_Prompt_: In the entries below, find the line with "Брошь 34-0700-Y ювелирный сплав Цветы" and the line with "Silla Hamaca Paraguaya"; reproduce those two lines and all lines between them exactly, without pictures.

_The input_:
****

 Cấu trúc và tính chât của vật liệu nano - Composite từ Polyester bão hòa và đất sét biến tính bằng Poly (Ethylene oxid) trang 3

****

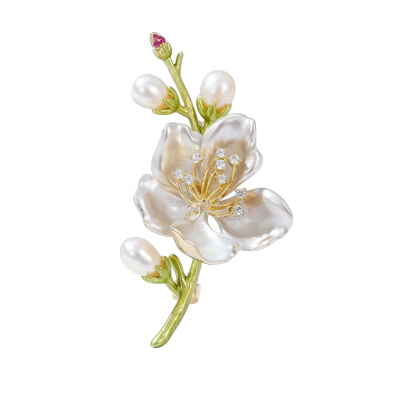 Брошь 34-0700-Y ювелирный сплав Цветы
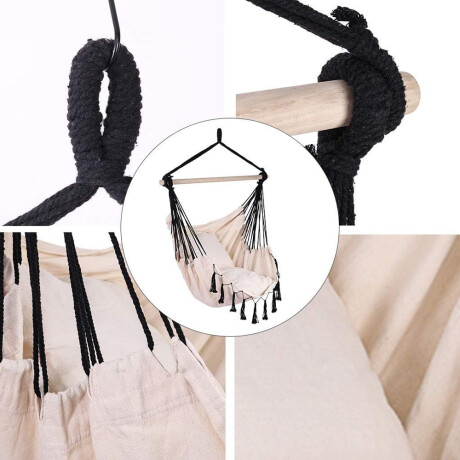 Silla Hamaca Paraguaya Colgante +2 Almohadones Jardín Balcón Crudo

****

_Response box_:
 Брошь 34-0700-Y ювелирный сплав Цветы
 Silla Hamaca Paraguaya Colgante +2 Almohadones Jardín Balcón Crudo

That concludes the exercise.